WHAT YOU ARE ASKED TO DO: Give back every record exactly as written.

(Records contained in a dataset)
_ _ _ _ _ _ _

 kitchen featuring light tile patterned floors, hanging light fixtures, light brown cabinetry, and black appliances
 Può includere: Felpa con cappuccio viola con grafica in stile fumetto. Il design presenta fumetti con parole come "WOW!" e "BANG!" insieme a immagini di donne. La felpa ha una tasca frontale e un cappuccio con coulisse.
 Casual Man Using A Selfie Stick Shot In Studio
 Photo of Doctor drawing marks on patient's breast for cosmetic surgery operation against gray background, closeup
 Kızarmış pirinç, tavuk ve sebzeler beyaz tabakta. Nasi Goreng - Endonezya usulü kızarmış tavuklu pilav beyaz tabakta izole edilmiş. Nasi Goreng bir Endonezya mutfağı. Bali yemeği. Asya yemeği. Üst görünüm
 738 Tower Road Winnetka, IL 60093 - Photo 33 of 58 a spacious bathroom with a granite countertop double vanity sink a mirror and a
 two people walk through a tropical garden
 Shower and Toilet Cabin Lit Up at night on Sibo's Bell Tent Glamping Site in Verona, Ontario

_ _ _ _ _ _ _

ANSWER FOR THE TASK:
 kitchen featuring light tile patterned floors, hanging light fixtures, light brown cabinetry, and black appliances
 Può includere: Felpa con cappuccio viola con grafica in stile fumetto. Il design presenta fumetti con parole come "WOW!" e "BANG!" insieme a immagini di donne. La felpa ha una tasca frontale e un cappuccio con coulisse.
 Casual Man Using A Selfie Stick Shot In Studio
 Photo of Doctor drawing marks on patient's breast for cosmetic surgery operation against gray background, closeup
 Kızarmış pirinç, tavuk ve sebzeler beyaz tabakta. Nasi Goreng - Endonezya usulü kızarmış tavuklu pilav beyaz tabakta izole edilmiş. Nasi Goreng bir Endonezya mutfağı. Bali yemeği. Asya yemeği. Üst görünüm
 738 Tower Road Winnetka, IL 60093 - Photo 33 of 58 a spacious bathroom with a granite countertop double vanity sink a mirror and a
 two people walk through a tropical garden
 Shower and Toilet Cabin Lit Up at night on Sibo's Bell Tent Glamping Site in Verona, Ontario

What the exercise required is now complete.